» Assigned task
Write the listing below out again exactly, dropping the images.

» Available data
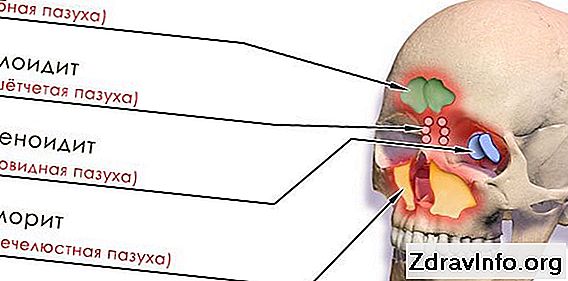 Adenoid: nedir bu, semptomlar, tedavi, kaldırma Adenoid: nedir bu, semptomlar, tedavi, kaldırma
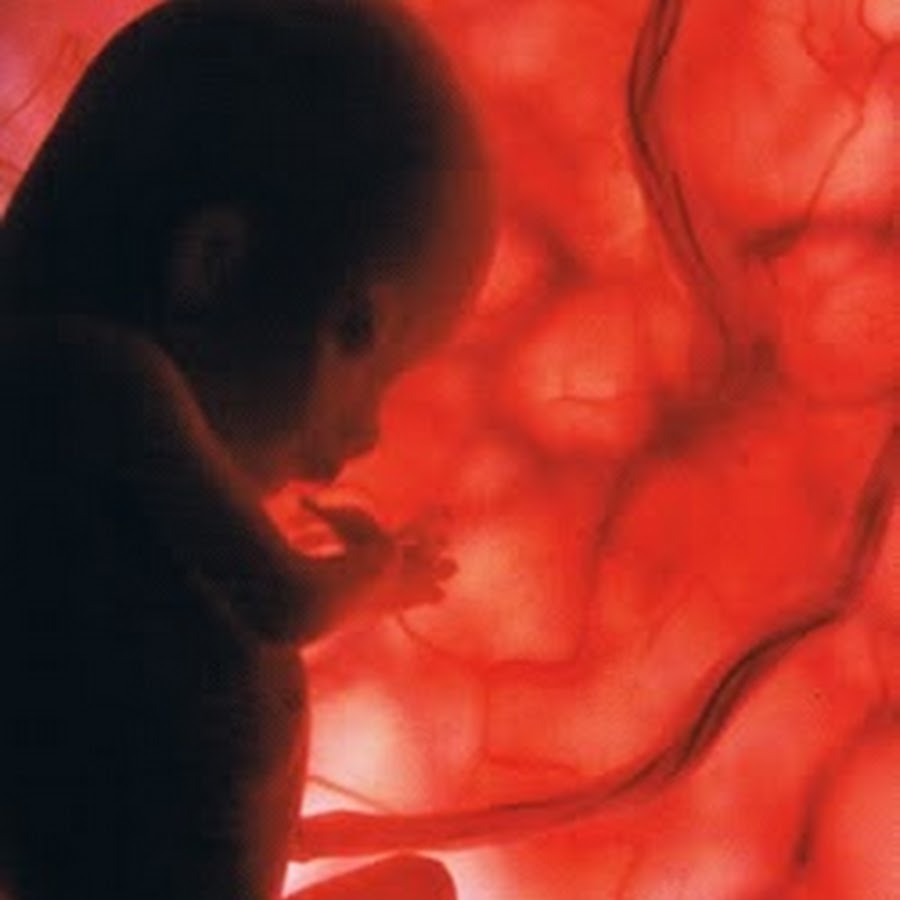 Токсикоз на 12 неделе. Плод на 12 неделе беременности. Малыш на 12 неделе беременности. Зародыш 12 недель беременности. 12 Недель беременности фото плода.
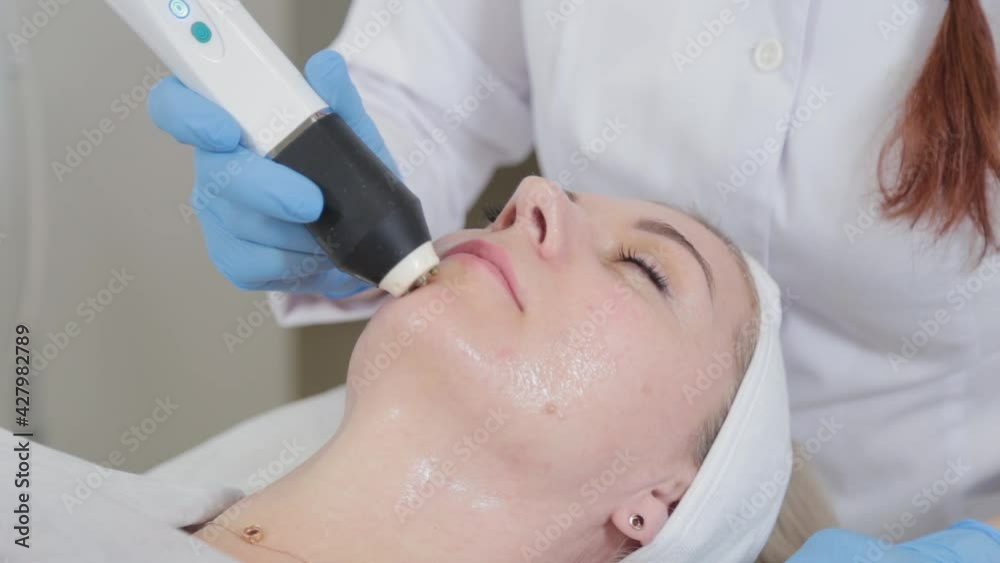 Professional beautician woman doing carboxytherapy machine on the face of a client. Professional beautician woman doing carboxytherapy machine on the face of a client.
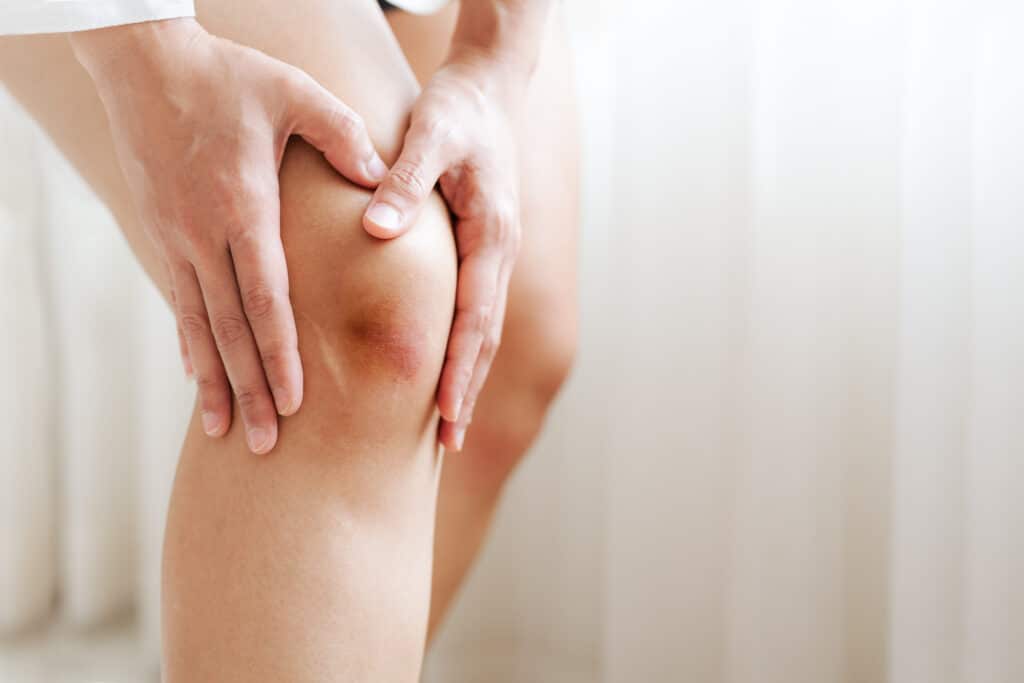 Do Contusions Heal Naturally?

» Your solution
 Adenoid: nedir bu, semptomlar, tedavi, kaldırma Adenoid: nedir bu, semptomlar, tedavi, kaldırma
 Токсикоз на 12 неделе. Плод на 12 неделе беременности. Малыш на 12 неделе беременности. Зародыш 12 недель беременности. 12 Недель беременности фото плода.
 Professional beautician woman doing carboxytherapy machine on the face of a client. Professional beautician woman doing carboxytherapy machine on the face of a client.
 Do Contusions Heal Naturally?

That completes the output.